Los oradores van interviniendo, aparece una delegación de trabajadores del ferrocarril para dar su apoyo a los estudiantes y se comunica la suspensión de una marcha para no alterar los ánimos de las fuerzas policiales y militares dispuestas por el gobierno de Gustavo Díaz Ordaz, presidente del país y colaborador de la CIA a tiempo parcial en su lucha contra el comunismo internacional.

Un helicóptero sobrevuela la plaza y una vez terminados los discursos lanza bengalas de colores. Es la señal. En realidad se vienen dando señales desde hace semanas. El 22 de julio, una trifulca entre estudiantes en un partido de fútbol americano es disuelta a porrazos por el cuerpo de granaderos. Del 26 al 29 de julio hay paro estudiantil en varias escuelas y el ejército entra en varias de ellas, llegando a destruir una puerta del siglo XVIII de la Preparatoria 1 en San Ildefonso con un bazuca. Y van cayendo el goteo de detenidos. El 28 de agosto los tanques dispersan las manifestaciones y el 18 de septiembre el ejército invade la Ciudad Universitaria de la UNAM y ocupan varios edificios hasta el 1 de octubre.

Volvemos a la Plaza de las Tres Culturas en Ciudad de México, tarde del 2 de octubre, cuando caen bengalas de colores del cielo. No es una señal divina, es la señal para que empiecen a llover hostias y plomo a raudales.

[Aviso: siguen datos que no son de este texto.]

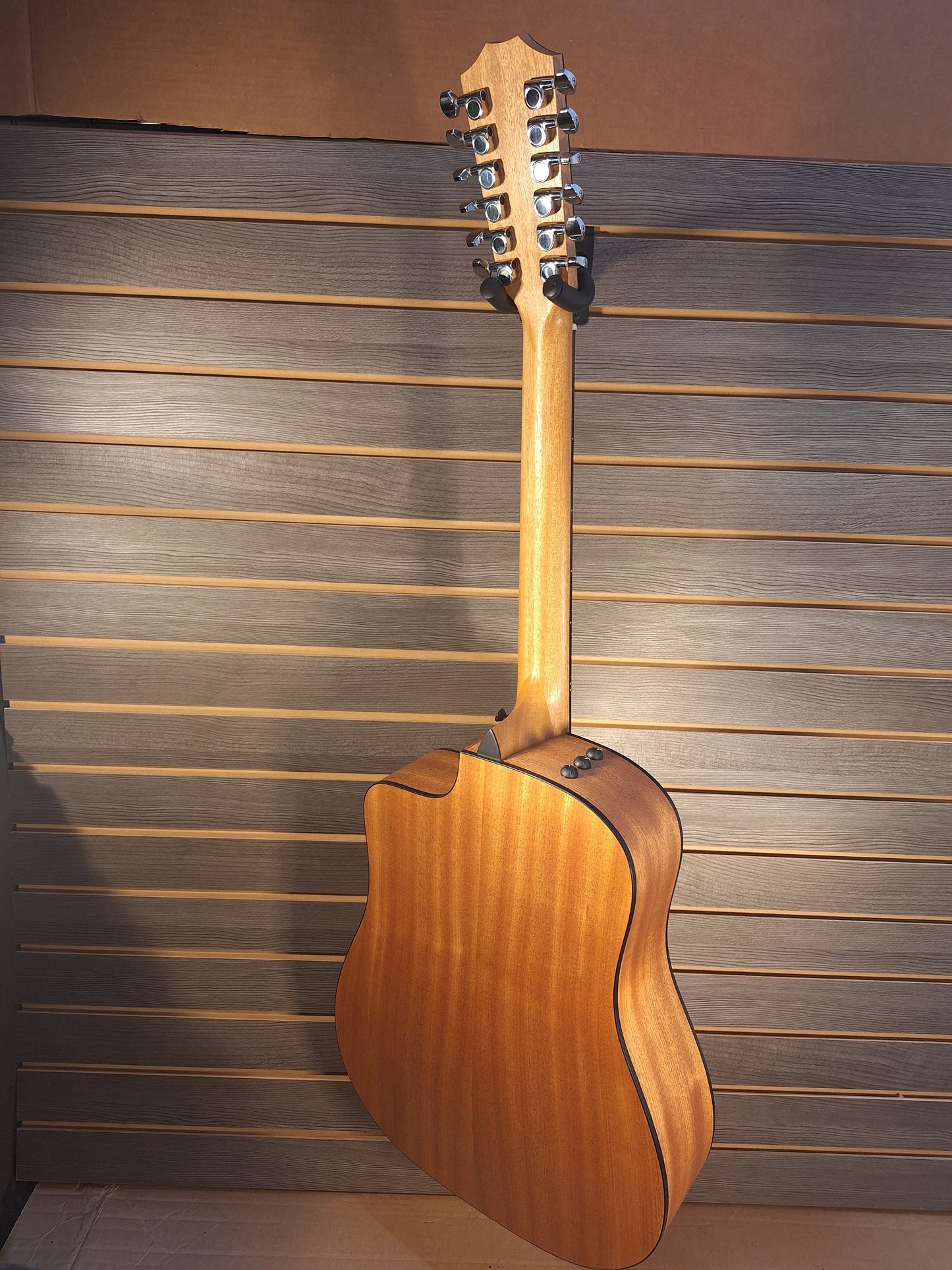 Taylor 150ce Acoustic/Electric Guitar 12 String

Empiezan los disparos que escupen ametralladoras de todo calibre ubicadas en los cuatro costados de la plaza. Estalla el pánico y caen los primeros cuerpos ensangrentados.

Al frente de la operación militar está el general José Hernández Toledo, que ya ha dirigido las acciones de ocupación de recintos docentes como la Universidad de Michoacán, la de Sonora y la Autónoma de México, violando el sagrado principio de autonomía universitaria. Y ya puestos sigue violando más principios sagrados al frente de una tropa de unos cinco mil efectivos y un cuerpo de paracaidistas de elite apoyados por fuerzas de policía. Actúan como una pinza que cercena vidas a tiro limpio o avanzando a bayoneta calada.

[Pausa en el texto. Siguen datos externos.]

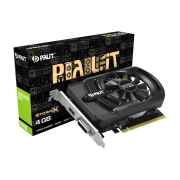 PALIT GeForce GTX1650 StormX 4GB GDDR5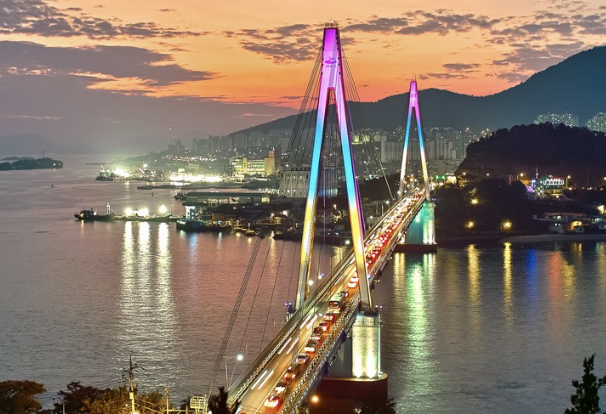 전남 여수 여행지 이미지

La excusa que blanden gobierno y Ejército como el que blande un sable es la supuesta existencia de francotiradores del marxismo internacional que abrieron fuego sobre los soldados. No hay rastro de esos francotiradores en la tercer planta del edificio Chihuahua. Los únicos que han entrado ahí son unos tipos de aspecto torvo que se identifican por llevar un pañuelo blanco atado en la mano izquierda. Son los miembros del Batallón Olimpia, grupo paramilitar armado desde las cloacas del Estado, o desde el Estado convertido en gran cloaca, vaya usted a saber, que llevan tiempo organizando el caos.

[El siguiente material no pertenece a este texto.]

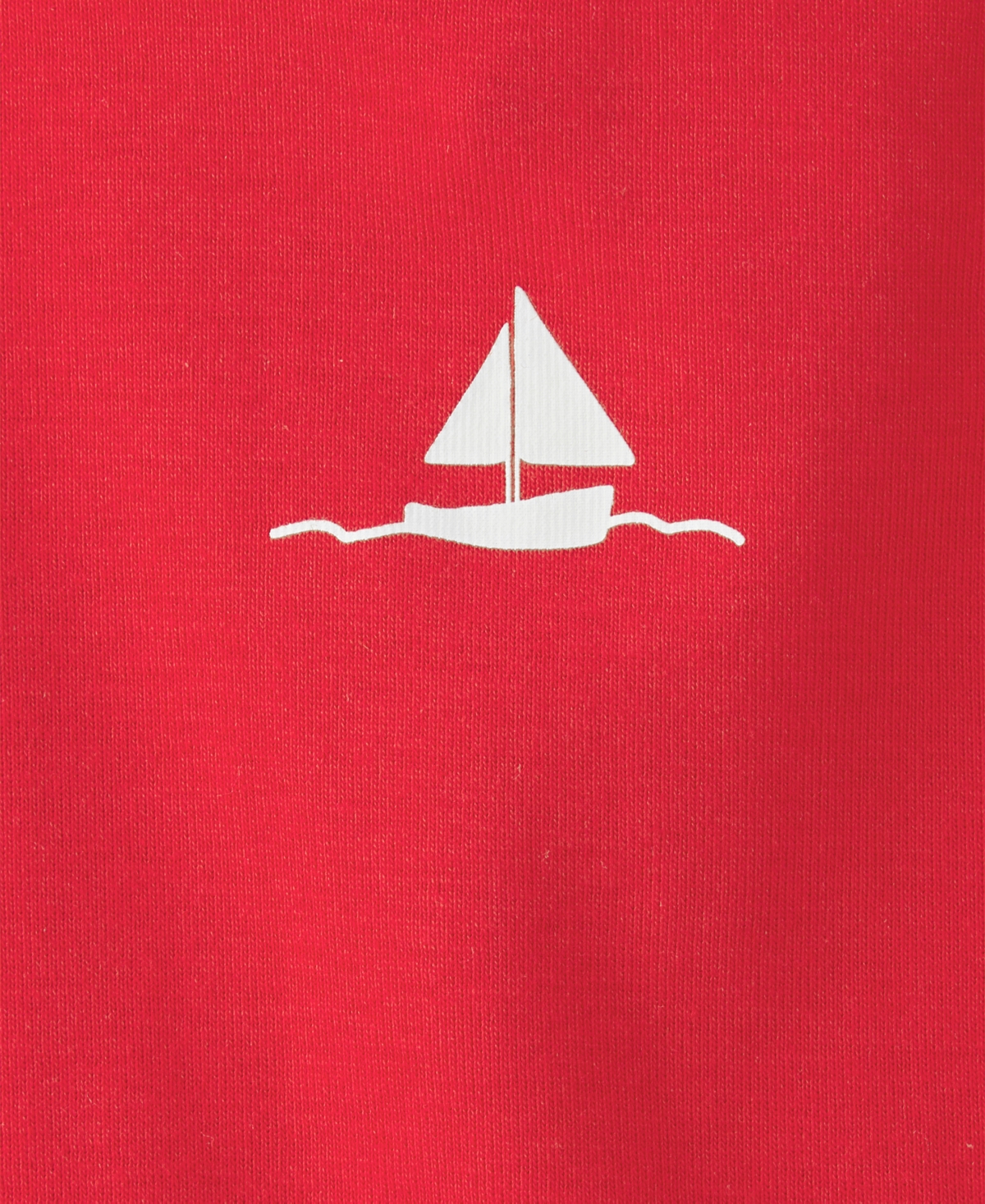 Carter's Baby Girls' Sailboat Short-Sleeve Top, Bodysuit and Shorts, 3-Piece Set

El Secretario de la Defensa Nacional, el general Marcelino García Barragán, insiste en la versión de los francotiradores extranjeros y habla de como mucho una treintena de muertos en la plaza. The Guardian habla de unas 325 personas asesinadas. Nunca se sabrá. Los militares acordonan la plaza e impiden fotografiar los cuerpos trizados por las balas. Hay centenares de heridos y más de dos mil detenidos que van a parar al Campo Militar número 1 y a la cárcel de Santa Marta Acatitla. Grupos de soldados registran una a una todas las viviendas de la zona de Tlatelolco.

Y diez días después se inauguran los Juegos Olímpicos, bautizados cínicamente como los Juegos de la Paz. La paz que nunca tendrán las personas asesinadas con total impunidad en una larga zanja que va de Tlatelolco a Ayotzinapa pasando por Ciudad Juárez.